I would also recommend you working with a counselor to help bring up your self-esteem, as it will help you realize that you have been settling for such scraps from him, and such poor treatment. I think once your self-esteem is higher, you will no longer tolerate this from him and will have the courage to get out of there.

Normally I would encourage people to respect their marital commitments and do all they can to avoid divorce as an easy way out, but in your case there isn't anything you can do if he has no respect for you or your feelings or being faithful to you. You can only save yourself and your kids at this point by having the courage to leave. He has already checked out of this marriage a long time ago.


----------



## EleGirl (Dec 3, 2011)

zmel,

I agree that the chance of recovering a marriage here is zero to none.

You might want to collect more info on what he is doing as it might help you in a divorce depending on where you life. A keystrock tracker on the computer would work well for that.

IMHO, it's time that you plan your exit. Do not do anything rash. Collect evidence on his activies. Go see an attorney to file. 

If you have a job, move your direct deposit to your own account.

If the two of you have a joint checking/savings account go open one in your name and start trickling money into it. On the day he is going to be served for divorce move 1/2 to 3/4 of the money into your personal account. I say to as high as 3/4 because you have a child to care for.

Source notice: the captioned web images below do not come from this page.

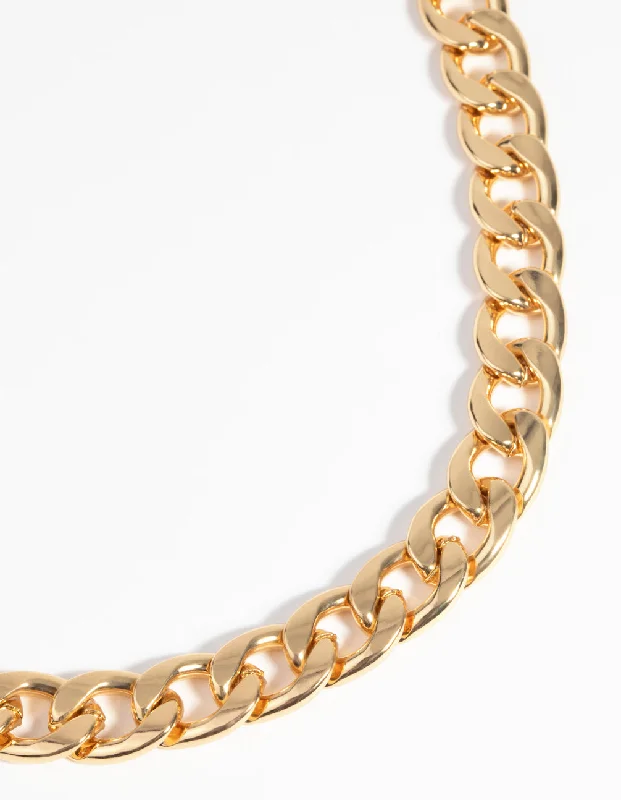 Shop Classic Women's Necklaces & Pendants with a Modern Twist-Gold Plated Flat Curb Chain Necklace Shop Classic Women's Necklaces & Pendants with a Modern Twist-Gold Plated Flat Curb Chain Necklace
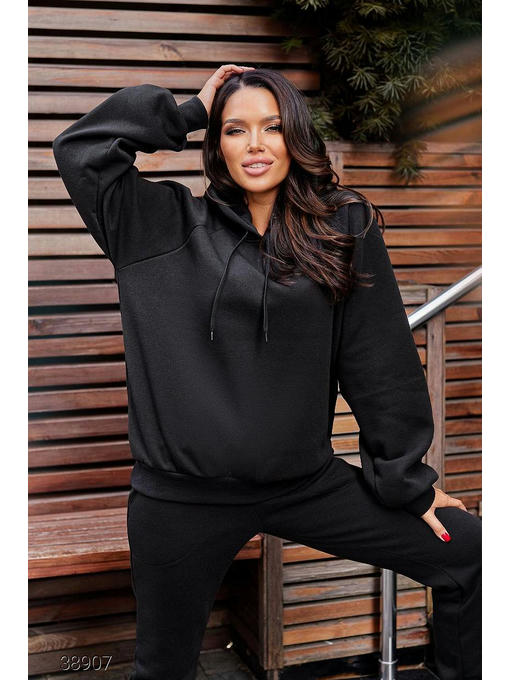 Теплый базовый женский костюм с капюшоном — изображение 2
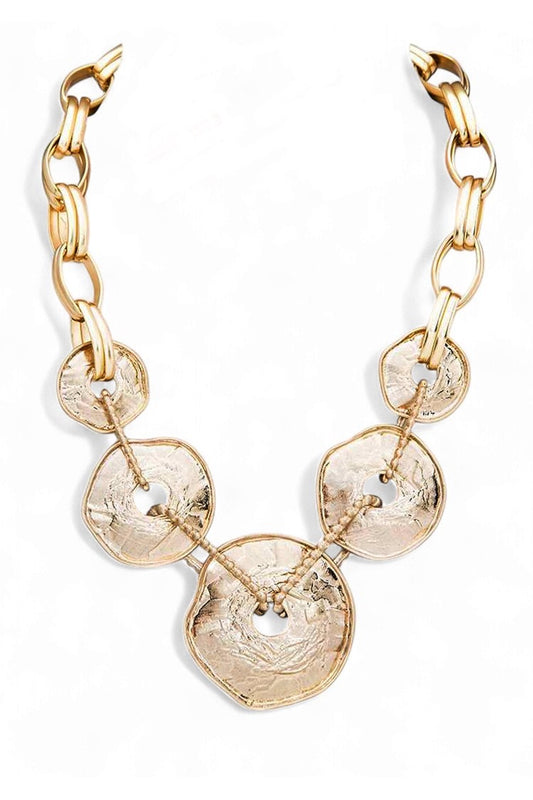 Metal Disk Statement Necklace Set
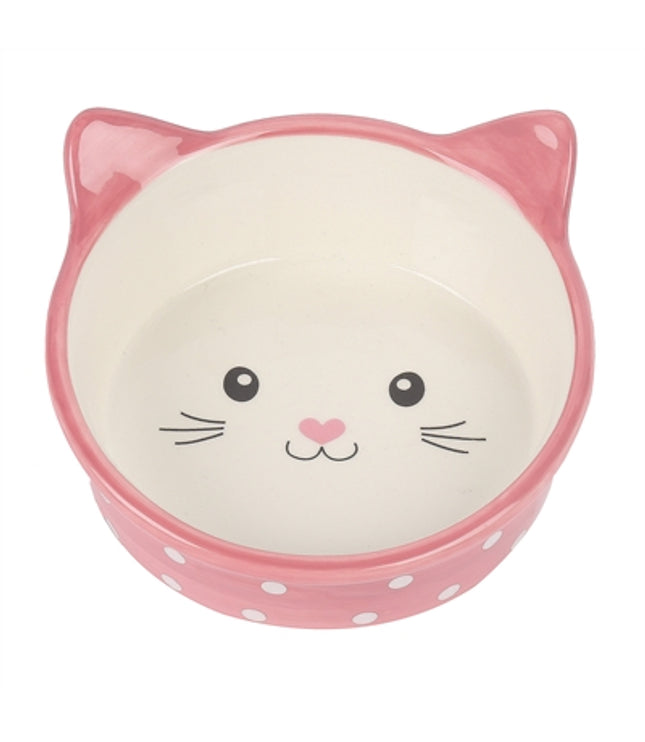 Happy Pet Voerbak Kat Polka Roze / Creme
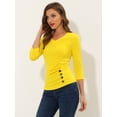 thumbnail image 2 of INSPIRE CHIC Women's Button Decor V Neck 3/4 Sleeve Ruch Top Lemon Yellow XL, 2 of 5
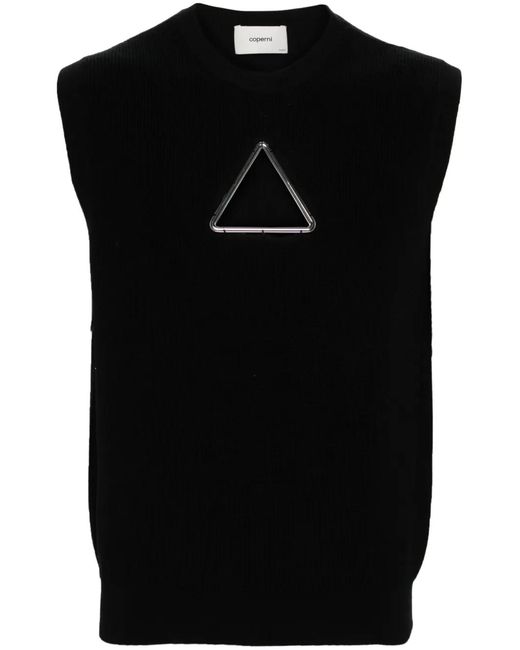 Coperni Black Triangle Sleeveless Knitted Top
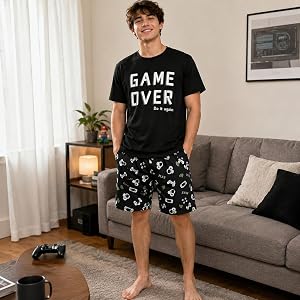 Men's Summer Pajama Sets Short Sleeved Shorts Sleepwear Men Casual Lounge Sets Youth Fashion Pajamas Men Round Collar Pjs Set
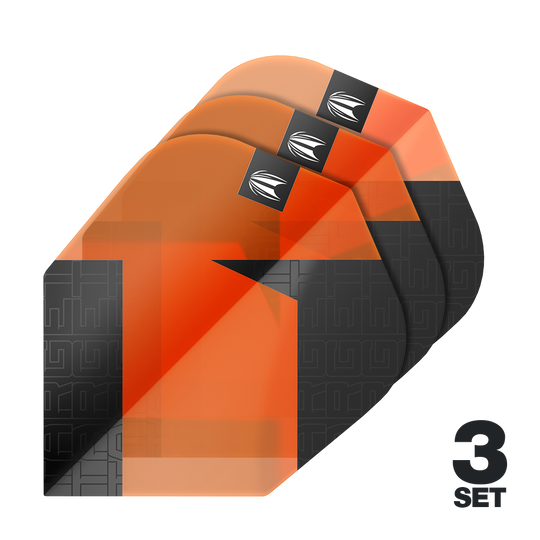 Target Pro Ultra TAG Orange No6 Standard Flights - 3 Sets Das Bild zeigt drei Sätze orangefarbener Dart-Flights mit schwarzem Muster. In der rechten unteren Ecke steht "3 SET".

Ask your husband to leave the house. If he does not, ask your attorney to get court order for him to be ejected from the house because the extreme cruelty and exposure to STD's with his constant cheating... this is why you need the evidence even if it's a no fault divorce state.

Have your attorney set up child and spousal support ASAP. The support will be interim support until the divorce is final. A new level of support will be ordered for after the divorce.

You will also need proof that your indeed in a common-law marriage. An attorney can help you with this.


----------